------ EXERCISE DATA
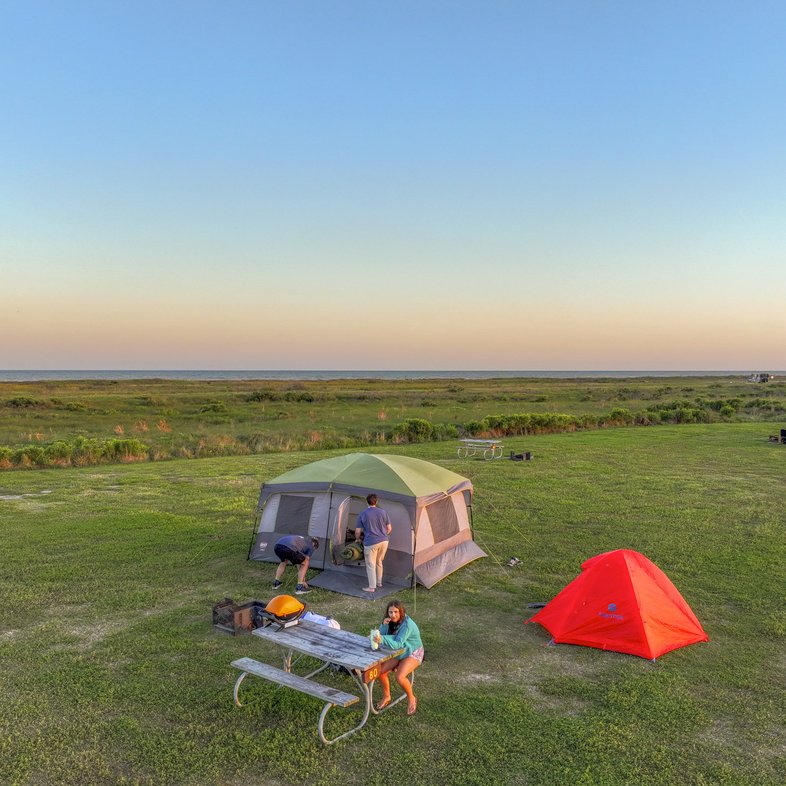 A campsite with two tents and a picnic table at sunset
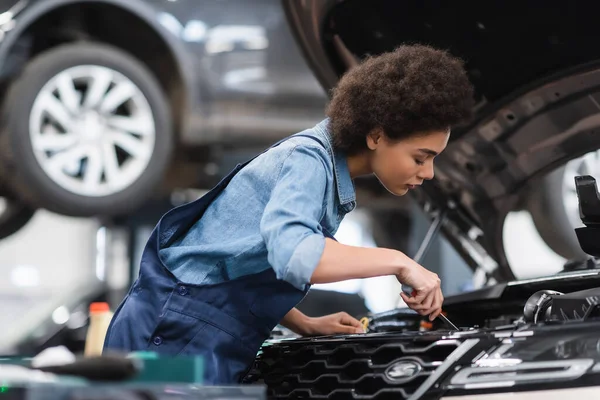 Jovem afro-americano mecânico segurando chave de fenda e motor de fixação de carro na garagem — Fotografia de Stock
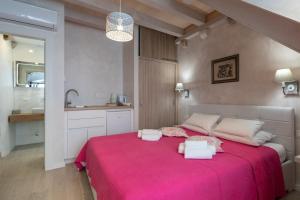 a bedroom with a large bed with a pink blanket at Old town Marko in Dubrovnik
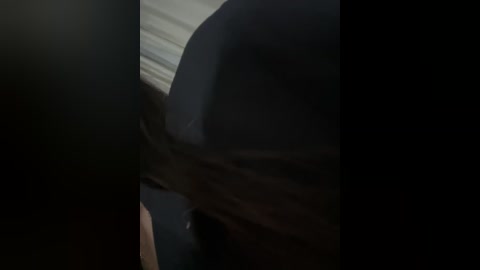 A dimly lit video captures an intimate moment between two people, with the focus on a hand gently holding a person's face. The background is blurred, emphasizing the closeness and the moment.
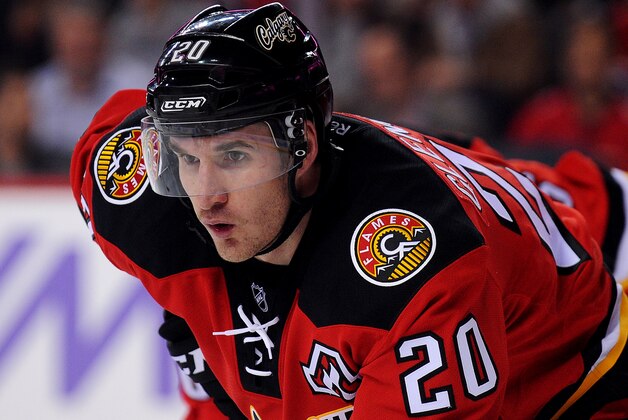 CALGARY, AB - OCTOBER 21: Curtis Glencross #20 of the Calgary Flames in action against the Tampa Bay Lightning during an NHL game at Scotiabank Saddledome on October 21, 2014 in Calgary, Alberta, Canada. Tampa Bay Lightning defeated the Calgary Flames 2-1 in overtime. (Photo by Derek Leung/Getty Images)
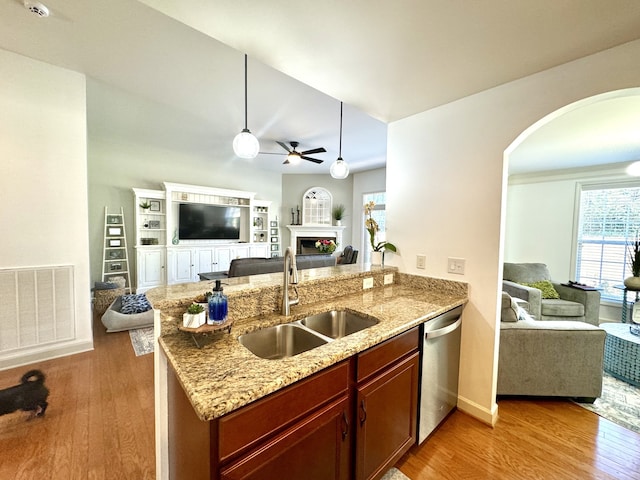 kitchen featuring dishwasher, sink, light stone countertops, light wood-type flooring, and decorative light fixtures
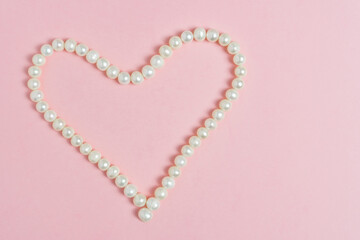 Pearl beads in the shape of heart on pink background with copy space. Valentines day concept. Greeting card template.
------------
**WHAT TO DO:**
From the line containing "a bedroom with" down to the last line of the entries above, retype each line exactly as it stands, but skip the pictures.

**RESULT OF THIS TASK:**
 a bedroom with a large bed with a pink blanket at Old town Marko in Dubrovnik
 A dimly lit video captures an intimate moment between two people, with the focus on a hand gently holding a person's face. The background is blurred, emphasizing the closeness and the moment.
 CALGARY, AB - OCTOBER 21: Curtis Glencross #20 of the Calgary Flames in action against the Tampa Bay Lightning during an NHL game at Scotiabank Saddledome on October 21, 2014 in Calgary, Alberta, Canada. Tampa Bay Lightning defeated the Calgary Flames 2-1 in overtime. (Photo by Derek Leung/Getty Images)
 kitchen featuring dishwasher, sink, light stone countertops, light wood-type flooring, and decorative light fixtures
 Pearl beads in the shape of heart on pink background with copy space. Valentines day concept. Greeting card template.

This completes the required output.